Liquid Gender
This exhibition took place from 17 February to 4 August 2024
In an exploration of the relationship between gender expression and identity, with a focus on pre-colonial traditions, the Sainsbury Centre presented works by a myriad of internationally acclaimed artists, including new work, UK premieres and new acquisitions.
New Orleans-born Rashaad Newsome (b.1979), whose multi-disciplinary work explores Black and Queer space in art history, presented a new collection of collages that looked to the cultural traditions of the past, the social complexities of the present, and the possibilities of the future. Using objects from the Sainsbury Centre’s collection, the collages were utilised as part of a visual dialogue with African sculptures and masks that positioned them as older forms of technology.
Newsome had also been commissioned to make a new holographic work titled In the Absence of Evidence, We Create Stories (2024), which was added to the exhibition during its run. This new piece transformed various objects from Africa in the Sainsbury Centre’s collection into futuristic cyborgs that poetically spoke about their past, present, and future.
In a UK premiere, American artist Martine Gutierrez (b.1989) showcased her Demons (2018) series in its entirety which depicts the artist as a deity from Aztec, Maya and Yorùbá traditions. Part of her ‘Indigenous Woman’ publication, a 146-page art magazine inspired by glossy magazines, the images were infused with androgynous characteristics.
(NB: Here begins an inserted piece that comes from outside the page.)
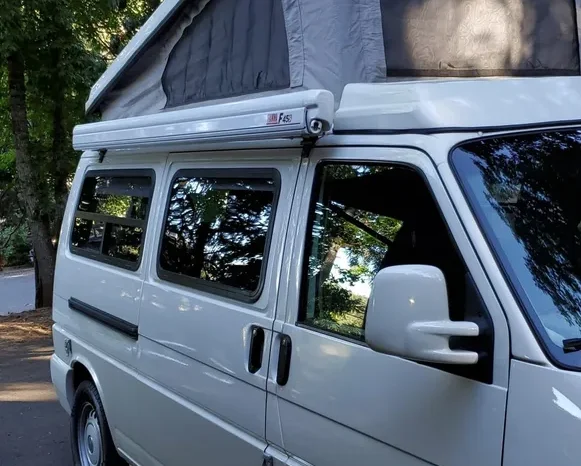 
								2002 Volkswagen Eurovan Camper full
Afro-indigenous photographer Laryssa Machada (b.1993) and Indigenous creative Antônio Vital Neto Pankararu (b.1997) documented queer Indigenous identities in the Brazilian Northeast in Origem (2020), a series of photographic portraits overlaid with Indigenous motifs accessible through an augmented reality (AR) application designed by pioneering Bolivian digital artist Lucia Grossberger Morales (b. 1952). The result of a research project at the University of Leeds, it drew on centuries of both visibility and oppression of queer people in Brazil.
When artist Leilah Babirye (b.1985) sought asylum in the US after being publicly outed in her native Uganda, she saw drag queens for the first time, which inspired a series of vibrant works on paper. A group of these titled Kuchu Ndagamuntu (Queer Identity Card) (2021), which depicted the many faces and identities of her ambiguously gendered subjects was presented. One of these works has also now been acquired by the Sainsbury Centre – thanks to funding from the Art Fund’s New Collecting Award – and will join the permanent collection.
This exhibition was part of our 2024 What Is Truth? Season
Image: Martine Gutierrez, Queer Rage, Imagine Life-Size, and I’m Tyra, p66-67 from Indigenous Woman, 2018. © Martine Gutierrez; Courtesy of the artist and RYAN LEE Gallery, New York
Images below: Installation shots. Photo by Kate Wolstenholme.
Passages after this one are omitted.